The bill cites State Department data showing that approximately 1,800 employees are currently subject to assignment restrictions. The top four countries to which restrictions apply are China, where 196 US diplomats are barred from serving; Russia, where 184 US diplomats are not allowed to serve; Taiwan, with 84; and Israel, with 70.

The "Accountability in Assignment Restrictions Act," introduced Thursday, would require the State Department to create an independent appeals process for diplomats seeking to challenge restrictions. Currently, if diplomats ask for assignment restrictions to be reconsidered, they go back to the same office -- Diplomatic Security -- that made the original decisions.
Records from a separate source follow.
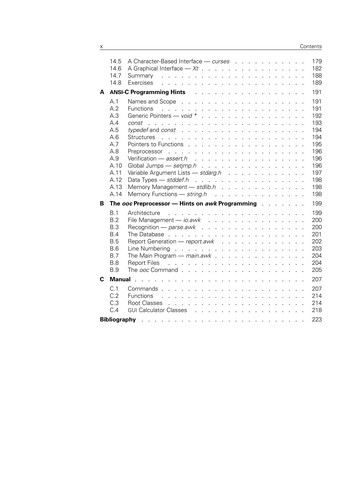 Cover for Objektorientierte Programmierung mit ANSI C.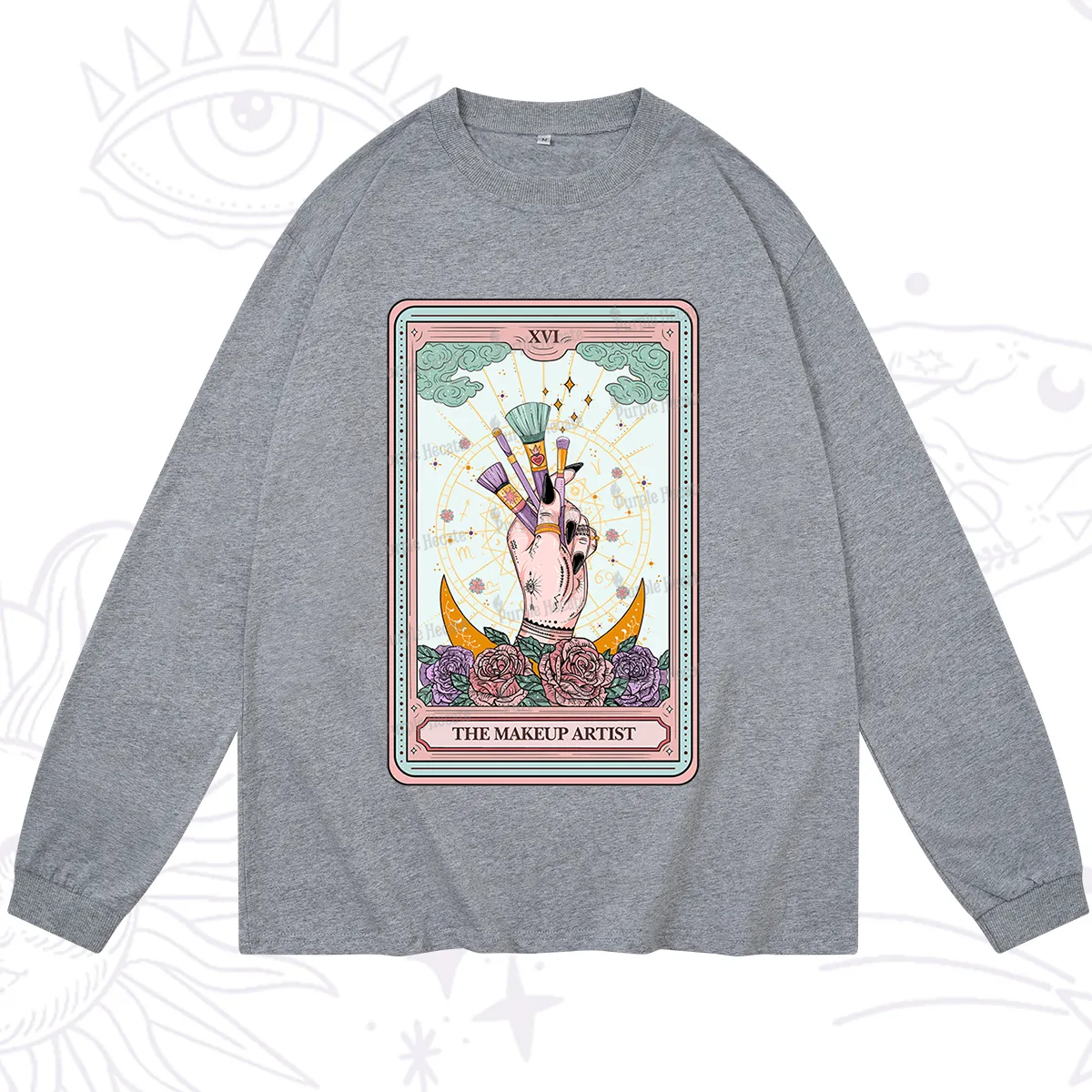 Purplehecate The Makeup Artist Life Tarot Long Sleeve T-Shirt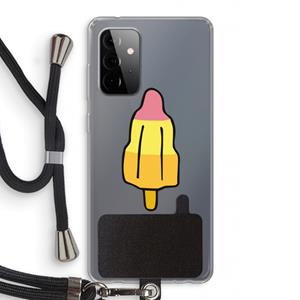 CaseCompany Raketijsje: Samsung Galaxy A72 5G Transparant Hoesje met koord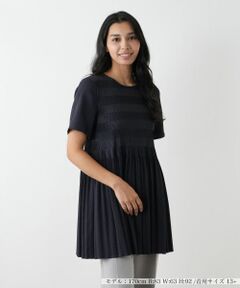 Leilian PLUS HOUSE / レリアンプラスハウス シャツ・ブラウス | ギャザー切替フレアブラウス【Leilian WHITE LABEL】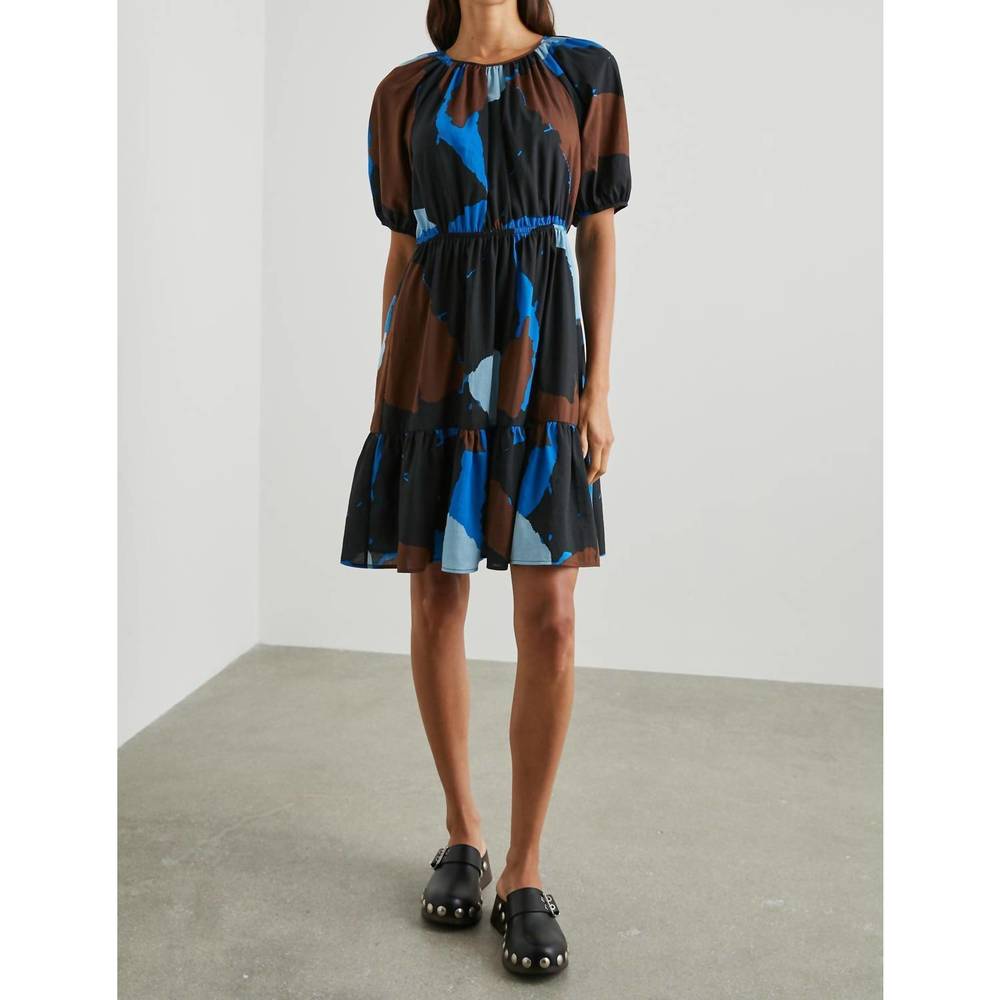 NEW RAILS khloe dress in blue multi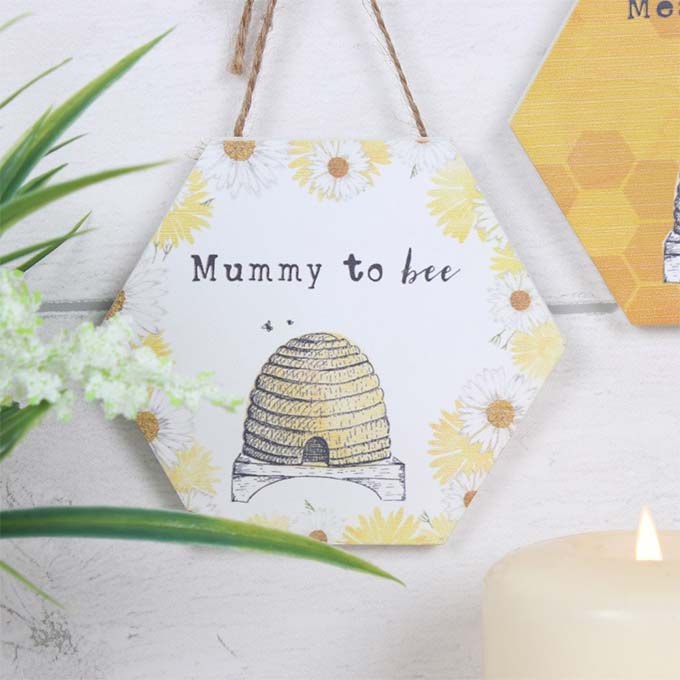 
                  
                    Mummy To Bee Sign Close Up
The bill would set a 60-day deadline for those appeals to be resolved and would require Diplomatic Security to transmit all files related to the appeals to an "Assignment Restriction Appeals Panel" without redaction. That panel would be made up of senior officials, including the department's chief diversity and inclusion officer.

The rationale

The State Department would be required to report annually to Congress on the rationale for assignment restrictions, including specific case examples; the ethnicity, national origin and race of the precluded employee; their gender; and the country to which they are barred from being posted.

The report would have to include Diplomatic Security's reasoning for the restrictions and the number of restrictions that were appealed, along with the success rate of those appeals and the impact of assignment restrictions in terms of unused language skills.
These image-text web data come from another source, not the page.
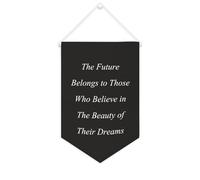 The Future Belongs to Those Who Believe in The Beauty of Their Dreams, striscione in tela motivazionale da appendere alla parete, decorazione da parete per camera da letto, cameretta dei bambini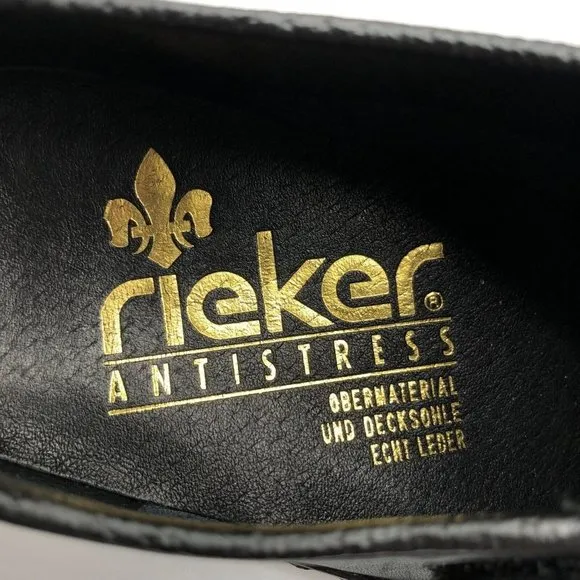 Rieker Antistress Womens Loafers Slip On Comfort Shoes Leather Black 36 US 5-5.5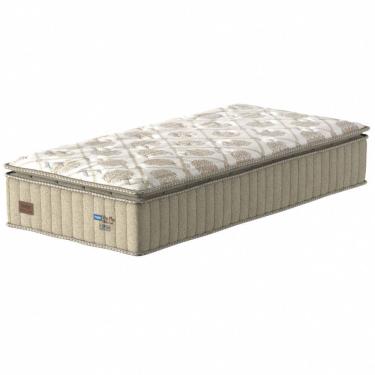 Imagem de Colchão de Solteiro 88x188x34 Vip Plus Ultra Gel Molas Ensacadas Bege Probel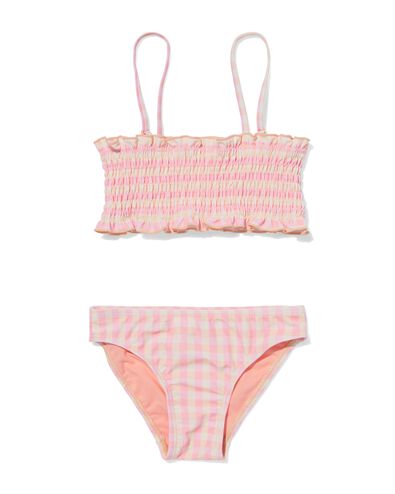 bikini enfant smocks à carreaux rose 122/128 - 22209583 - HEMA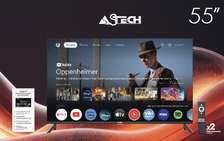 tv smart astech 55" android ultra hd 4k full options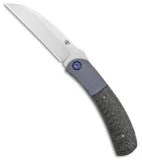 Aaron Frederick Custom Top  Flipper Knife Lightning Strike CF/Ti (3" Satin)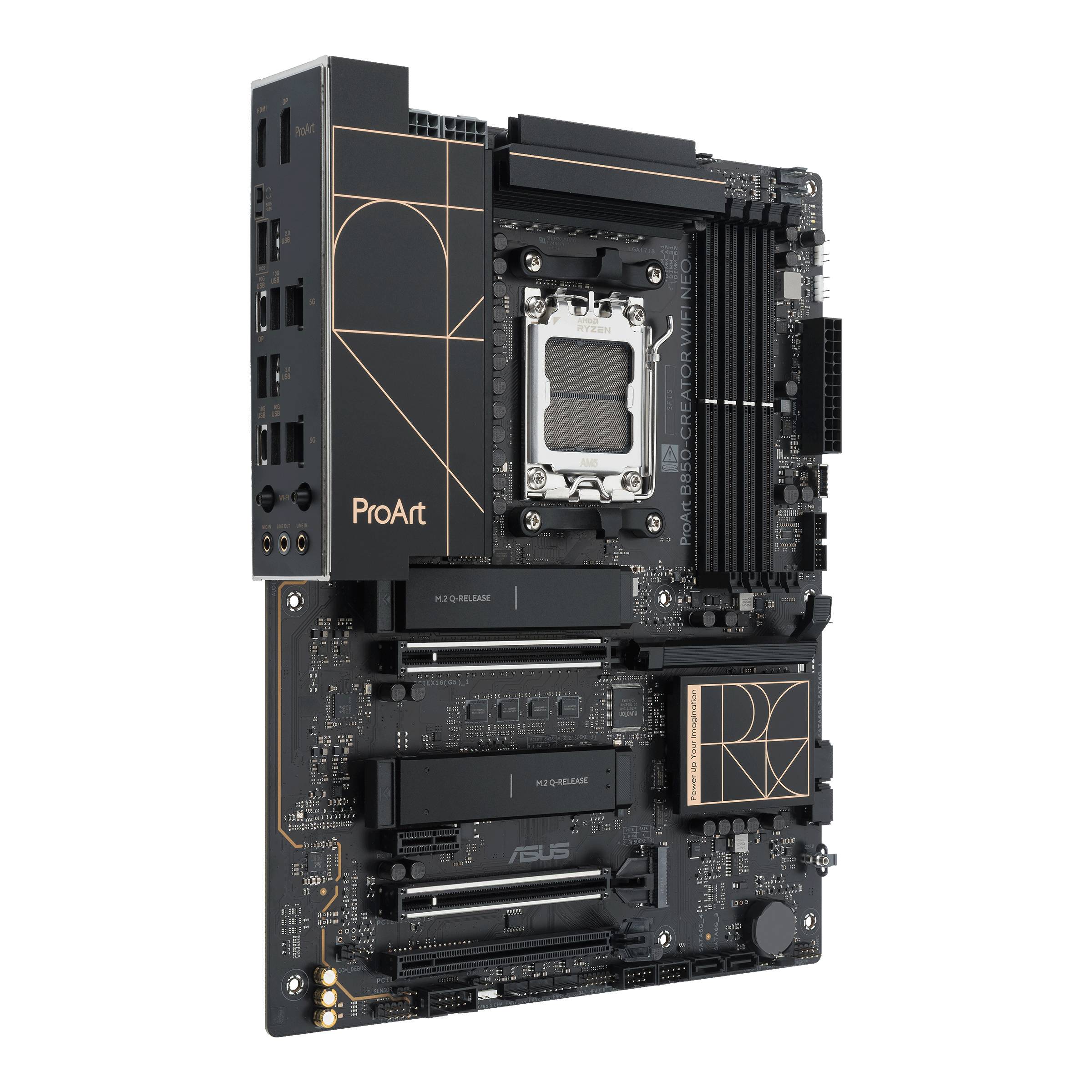 ASUS PROART B850-CREATOR WIFI NEO, AMD, Sockel AM5, AMD Ryzen 7000 Series, AMD Ryzen 8000 Series, AMD Ryzen 9000 Series, Sockel AM5, DDR5-SDRAM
The government spends up to $480,000 per diplomat for two years of language training in what the State Department inspector general calls "super-hard languages" -- Arabic, Japanese, Chinese, Korean -- before diplomats are sent to posts. When diplomats are then barred from going to the posting, that investment is lost.

The bill also includes a mandate that State ensure the group of adjudicators and investigators overseeing the assignment restrictions process is diverse itself.

Historical discrimination

Lieu says the restrictions and their disproportionate impact on AAPI diplomats have to be seen in the broader context of historical discrimination against Asian Americans, a bitter timeline that runs through the Yellow Peril hysteria and the Chinese Exclusion Act of the 1800s to the internment of Japanese Americans in World War II and, more recently, during the Covid-19 pandemic, to the surge in hate crimes against Asian Americans.

There are specific challenges within the federal government, as well, Lieu said. "A number of people in our federal government, when they look at an Asian American, they put them to a higher level of suspicion than if they were looking at someone whose last name was Smith. That's illegal and wrong, by the way," he said, before adding that it's also "sort of endemic."

Lieu doesn't expect resistance to the bill in Congress. If it becomes law, he hopes it boosts morale, results in fewer restrictions and helps improve diversity at the State Department.

"You got a problem with diversity as a department, and this problem goes all the way to the highest levels of leadership," Lieu said. "It simply makes it much more difficult to rise to the top of the State Department if you have an assignment restriction."

This story has been updated with comments from a State Department spokesman.